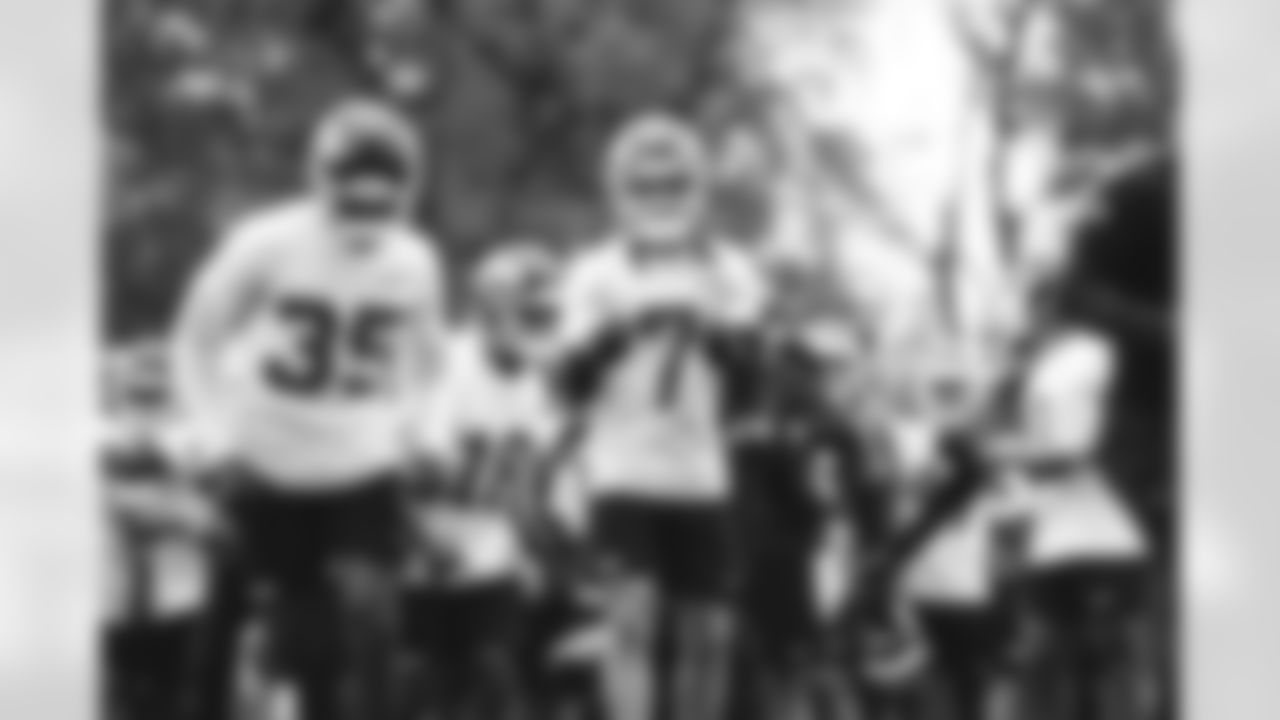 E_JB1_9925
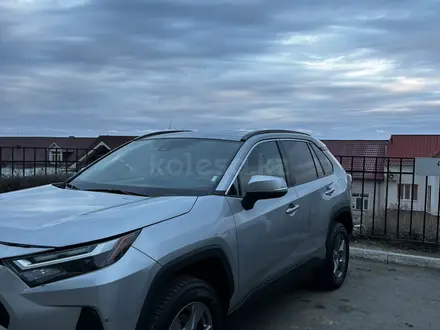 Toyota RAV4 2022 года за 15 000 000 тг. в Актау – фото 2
==
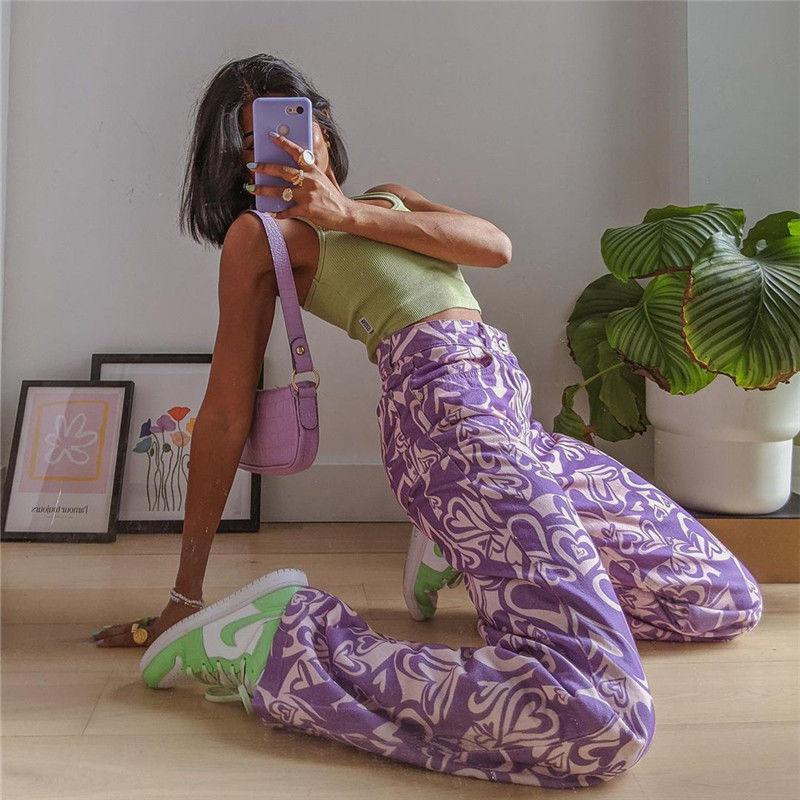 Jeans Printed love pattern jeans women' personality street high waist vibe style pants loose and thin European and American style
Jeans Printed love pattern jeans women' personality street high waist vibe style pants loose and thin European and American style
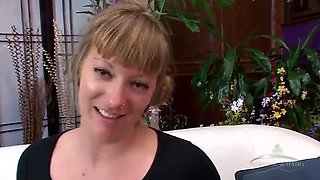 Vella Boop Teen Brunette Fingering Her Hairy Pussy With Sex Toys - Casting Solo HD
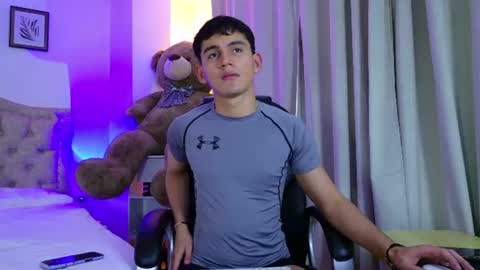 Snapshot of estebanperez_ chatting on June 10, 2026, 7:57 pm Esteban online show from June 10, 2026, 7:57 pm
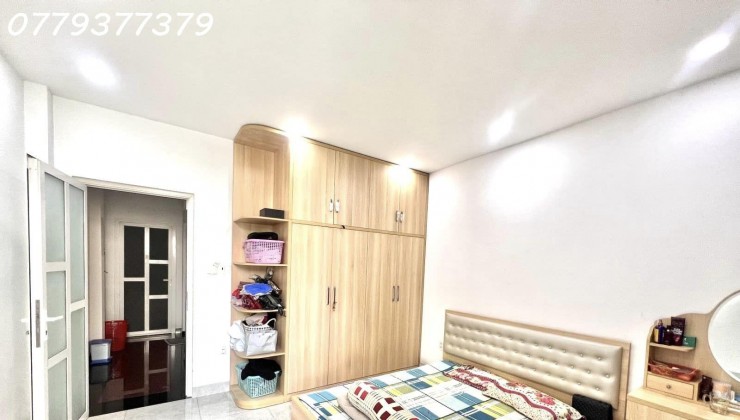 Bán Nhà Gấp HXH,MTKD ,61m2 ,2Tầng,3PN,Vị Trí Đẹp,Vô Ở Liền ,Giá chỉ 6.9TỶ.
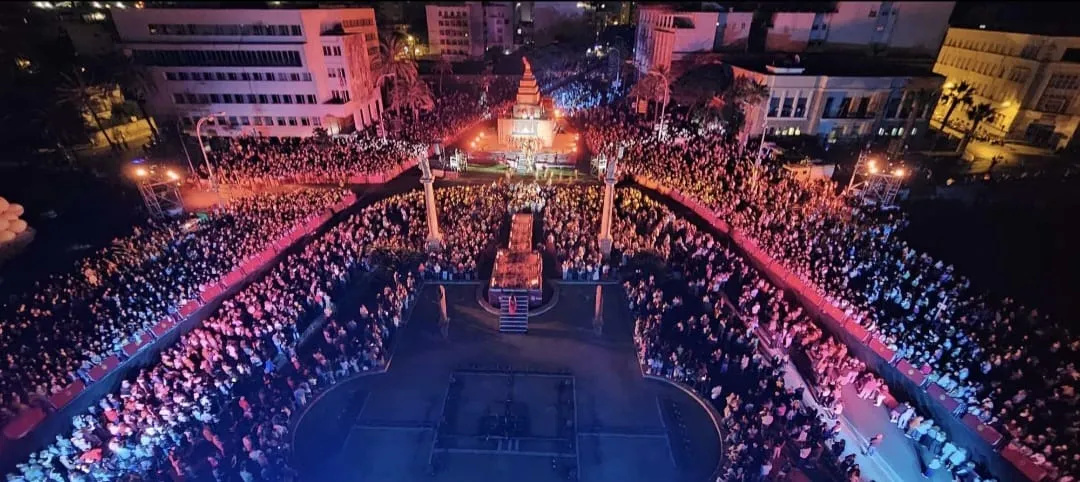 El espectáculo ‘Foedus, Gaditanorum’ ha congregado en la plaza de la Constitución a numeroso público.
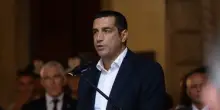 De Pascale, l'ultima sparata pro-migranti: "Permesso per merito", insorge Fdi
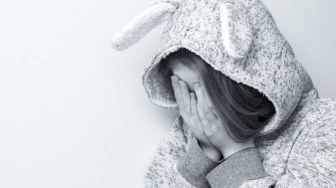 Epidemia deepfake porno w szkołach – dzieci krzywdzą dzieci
* * *
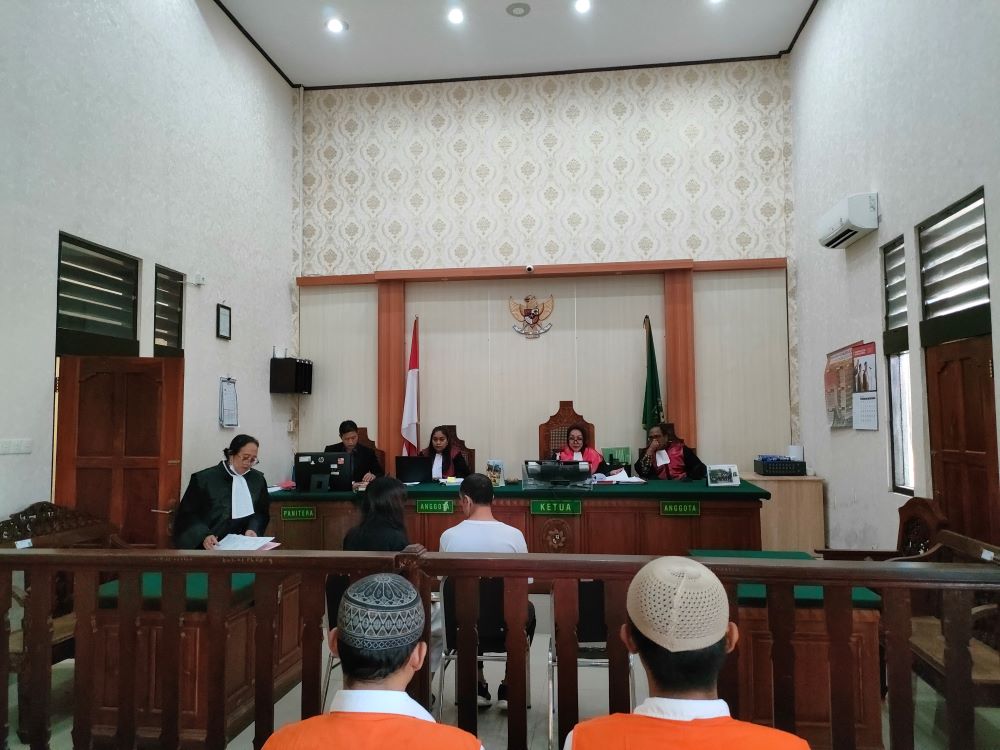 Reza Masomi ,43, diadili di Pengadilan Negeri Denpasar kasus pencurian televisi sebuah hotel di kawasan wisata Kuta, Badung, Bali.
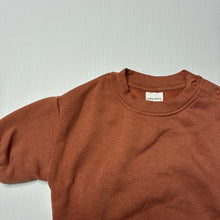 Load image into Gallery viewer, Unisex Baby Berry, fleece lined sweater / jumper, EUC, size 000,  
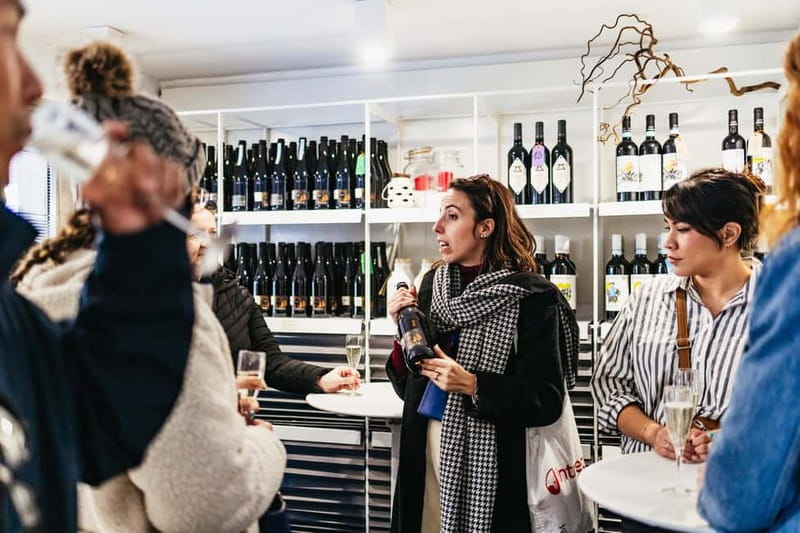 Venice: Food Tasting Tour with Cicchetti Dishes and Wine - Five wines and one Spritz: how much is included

● What is expected: Above are records; repeat only the lines from the line with "De Pascale, l'ultima" through the line with "Epidemia deepfake porno", and leave pictures out.

● Answer to this problem:
 De Pascale, l'ultima sparata pro-migranti: "Permesso per merito", insorge Fdi
 Epidemia deepfake porno w szkołach – dzieci krzywdzą dzieci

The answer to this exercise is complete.